• [What you are asked to do]
Transcribe all of the data exactly. Images stay out.
----- Dataset extract -----
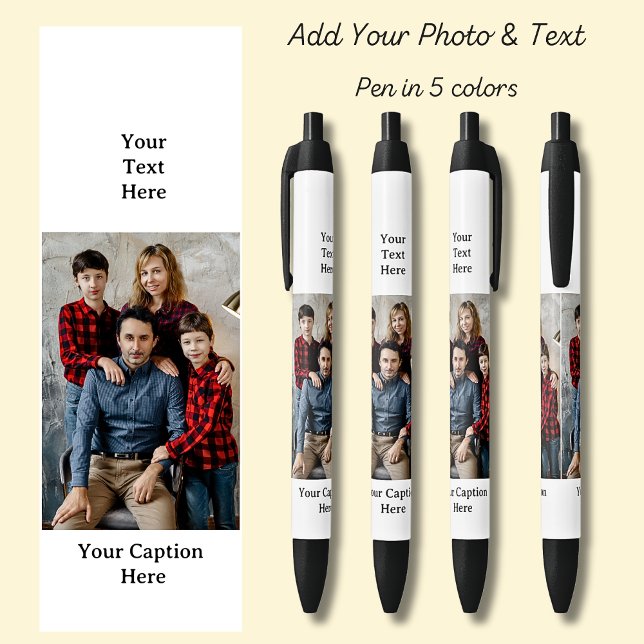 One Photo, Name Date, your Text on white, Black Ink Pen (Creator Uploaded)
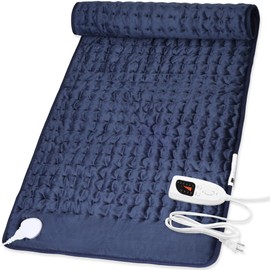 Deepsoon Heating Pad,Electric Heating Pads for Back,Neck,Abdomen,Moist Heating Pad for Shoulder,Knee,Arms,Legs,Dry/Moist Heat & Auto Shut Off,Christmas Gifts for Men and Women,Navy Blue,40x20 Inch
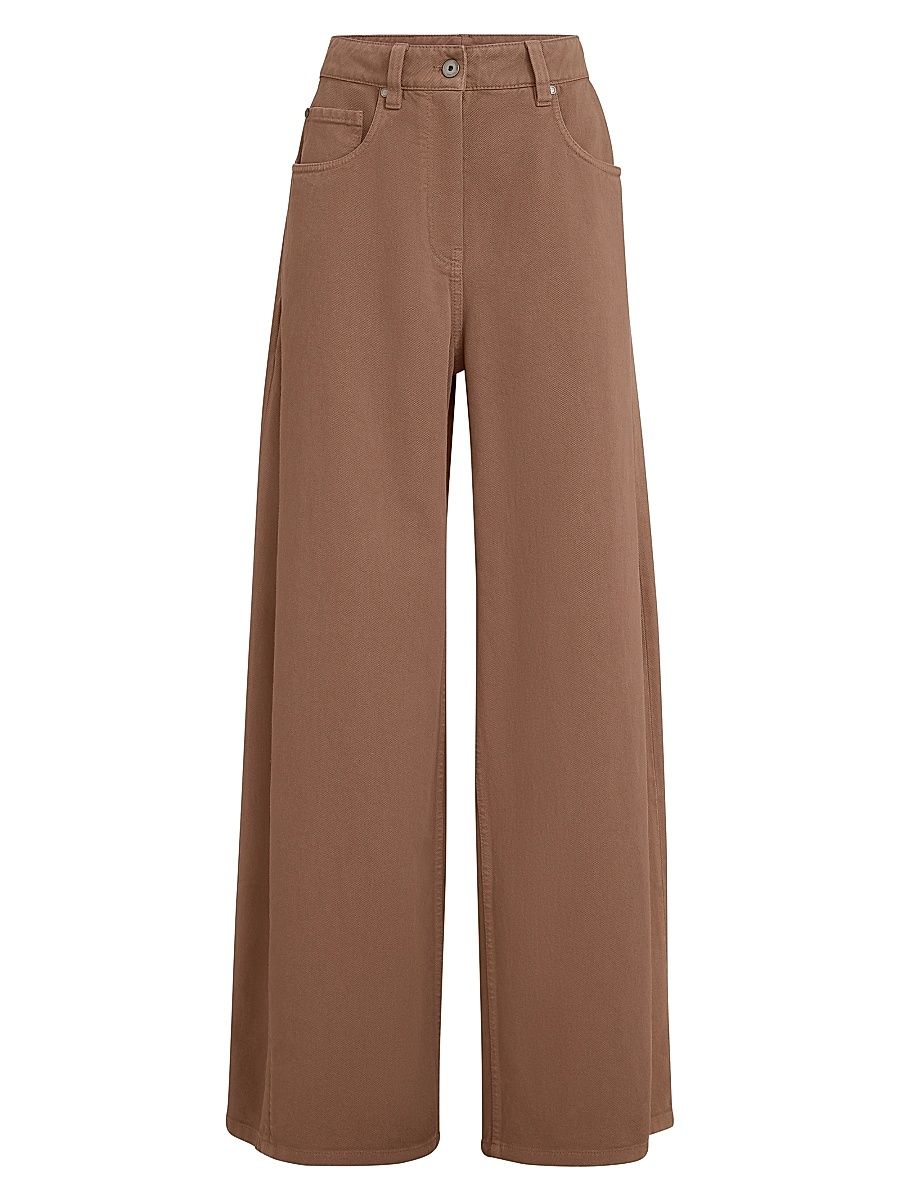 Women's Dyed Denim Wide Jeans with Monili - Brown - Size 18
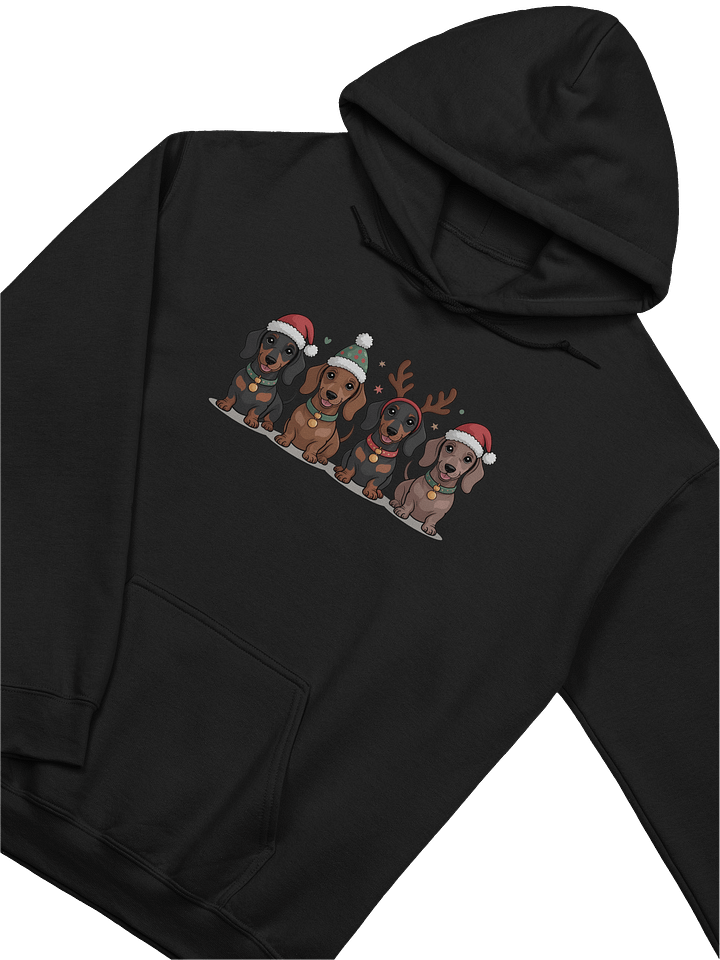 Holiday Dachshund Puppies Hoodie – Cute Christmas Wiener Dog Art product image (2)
-----
• [Reply]
 One Photo, Name Date, your Text on white, Black Ink Pen (Creator Uploaded)
 Deepsoon Heating Pad,Electric Heating Pads for Back,Neck,Abdomen,Moist Heating Pad for Shoulder,Knee,Arms,Legs,Dry/Moist Heat & Auto Shut Off,Christmas Gifts for Men and Women,Navy Blue,40x20 Inch
 Women's Dyed Denim Wide Jeans with Monili - Brown - Size 18
 Holiday Dachshund Puppies Hoodie – Cute Christmas Wiener Dog Art product image (2)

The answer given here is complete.